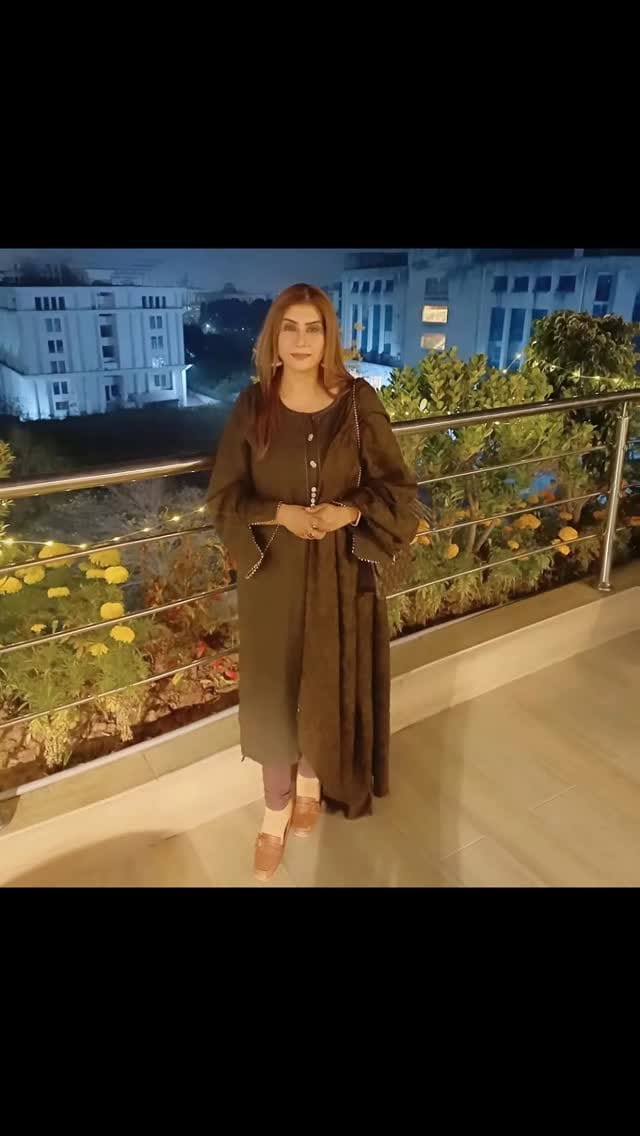 Post 1 by HeyitsNaila on Instagram (video)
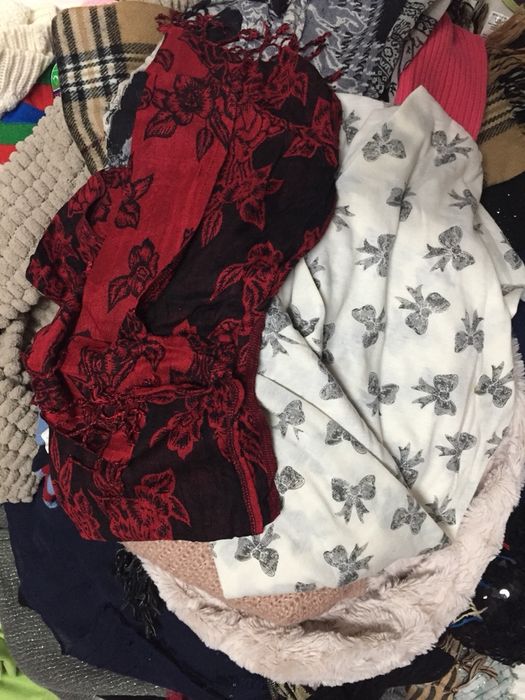 Секонд хенд оптом шарфи дорослі Англія ціна за 1 кг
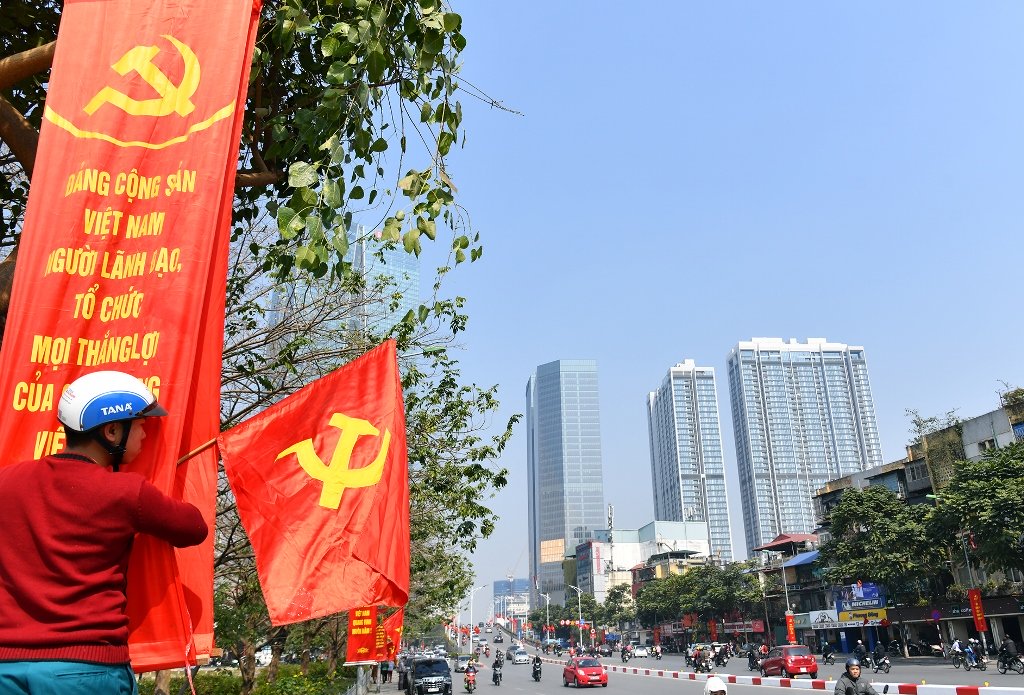 Hanoi brilliantly decorated to welcome 13th National Party Congress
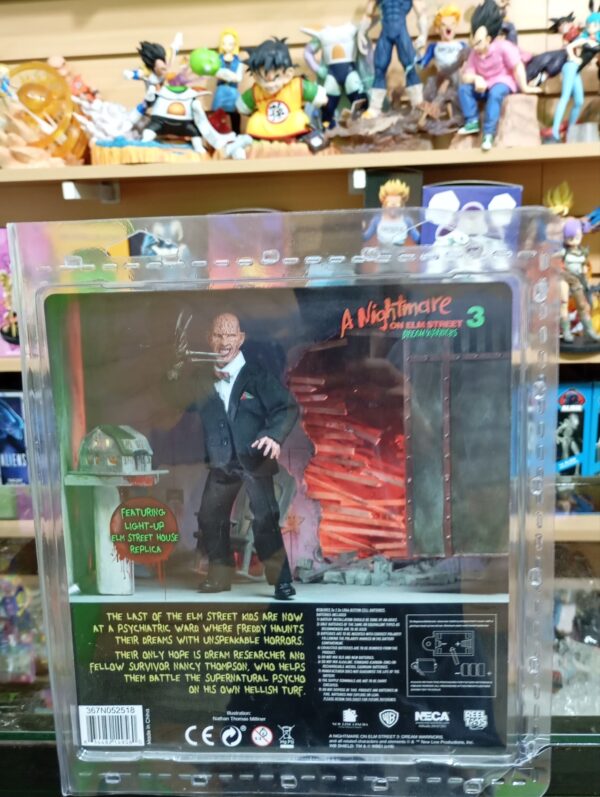Freddy Krueger Con traje 
A Nightmare On Elm Street 3 Dream Warriors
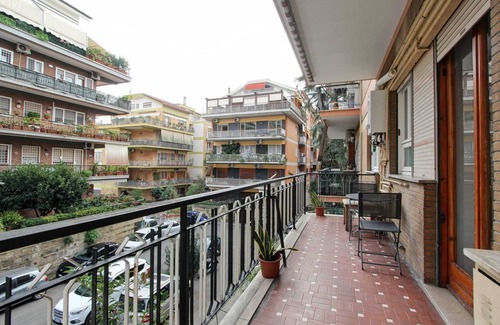 Quartiere XI Portuense Apartment | Quiet and charming house near Trastevere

WHAT IS NEEDED -
An exact transcript is required, covering the lines from the one containing "Секонд хенд оптом" through the end of the listing above, inclusive, without pictures.

ANSWER SECTION -
 Секонд хенд оптом шарфи дорослі Англія ціна за 1 кг
 Hanoi brilliantly decorated to welcome 13th National Party Congress
Freddy Krueger Con traje 
A Nightmare On Elm Street 3 Dream Warriors
 Quartiere XI Portuense Apartment | Quiet and charming house near Trastevere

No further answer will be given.